Delta also reiterated its commitment to blocking middle seats as a safety measure during the coronavirus outbreak. (It's one of only a few airlines that are still doing this). Black said the seat-blocking policies remain in effect despite the "operational adjustment period."

It may have been as simple as not enough employees to cover added flights during the busy Thanksgiving week. Delta didn't say what the various factors were.

An airline analyst told TPG on background that there are some serious labor issues between Delta management and the pilot's union. Just this week, Delta pilots signed off on a deal that reduced some pay in exchange for the elimination of more than 1,700 involuntary furloughs set for Nov. 28.

The analyst told TPG, Delta may be dealing with a so-called "Blue flu," where some pilots called in sick or refused to volunteer for flights because of potential job cuts and/or reductions in pay. The analyst said there may have been issues of misalignment with crewing and scheduling, and some unrealistic expectations about how many flight attendants and pilots might volunteer to work additional days during the Thanksgiving week.

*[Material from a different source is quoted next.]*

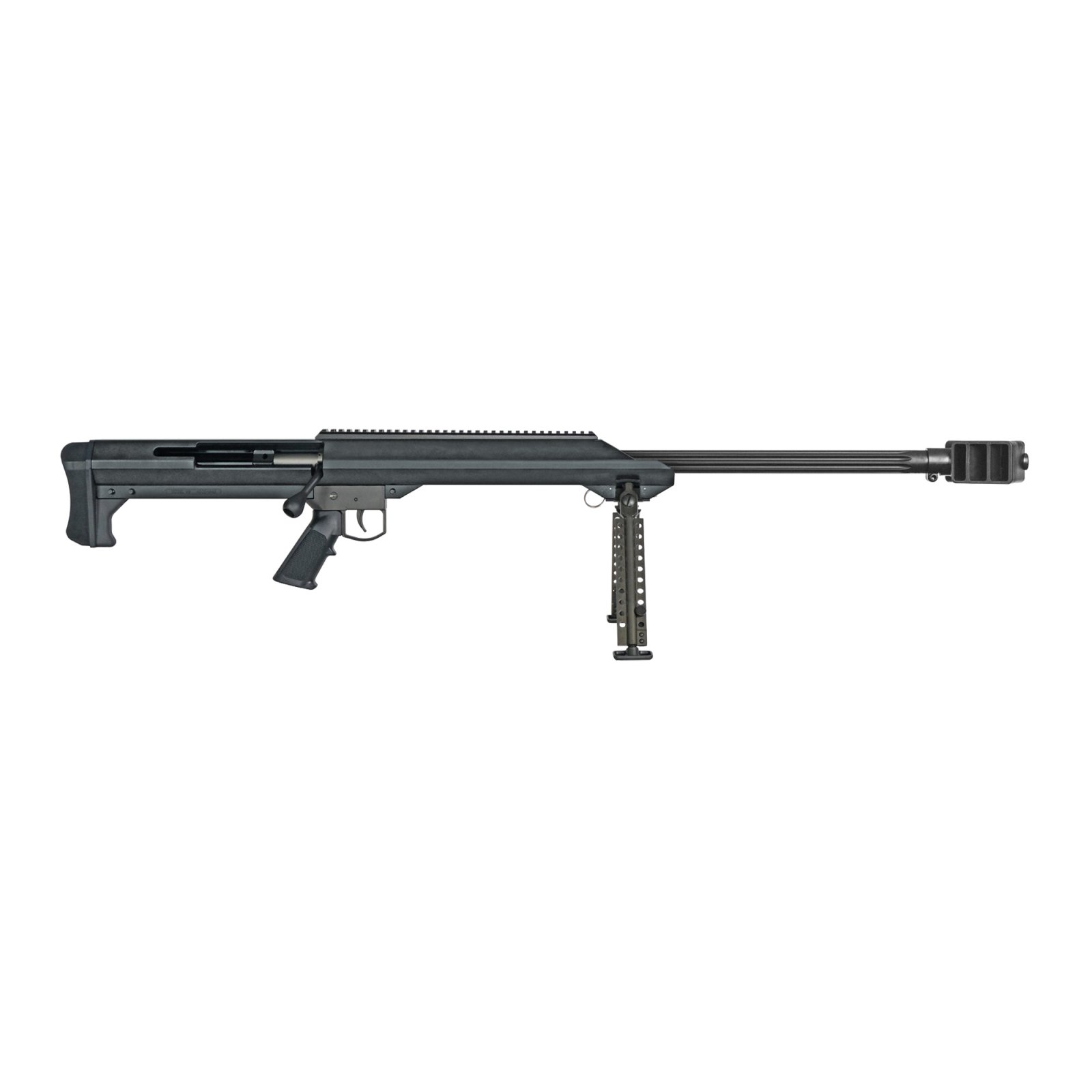 Barrett Model 99 Single Shot 50 BMG 29" Fluted Barrel QDL Muzzle Brake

Delta Air Lines First Officer Chris Riggins disputed there was any out of the ordinary sick calls. He is also Communications Chairman for Delta Master Executive Council overseeing the Delta chapter of the Air Line Pilots Association (ALPA). He told me that 74% of pilots voted in favor of the recent agreement to avoid furloughs, and "To pass a mid-contract agreement by a three-quarters margin is quite astonishing. We see zero signs of pilots calling in sick in protest."

Riggins continued, "What we see so far is sick calls are down over last year despite being embroiled in a global pandemic."

TPG also heard from another Delta pilot who suggested it wasn't a work slowdown or stoppage but a shortage of pilots for certain types of aircraft including the most-impacted 737s and A320s. He also said morale was actually high all things considered and that was why a majority of pilots had signed the recent deal to avoid furloughs. He suggested a lot of pilots were working on their days off over the holiday away from families, and despite another surge in COVID-19 cases.

Riggins told me that due to cutbacks earlier in 2020, there were "a smaller pool of pilots qualified and ready to fly in the fleets that are seeing an increased demand over this holiday." He told me that, ".. cancellations would indicate that there aren’t enough crews available to cover all the demand."

TPG also heard from a scheduler with 20 years experience who said there are always scheduling problems during the holidays but the added flights, COVID-19 restrictions, pay reductions and sick calls were all playing a role in the cancellations. The scheduler reminded me that airline employees should be considered frontline workers during the pandemic.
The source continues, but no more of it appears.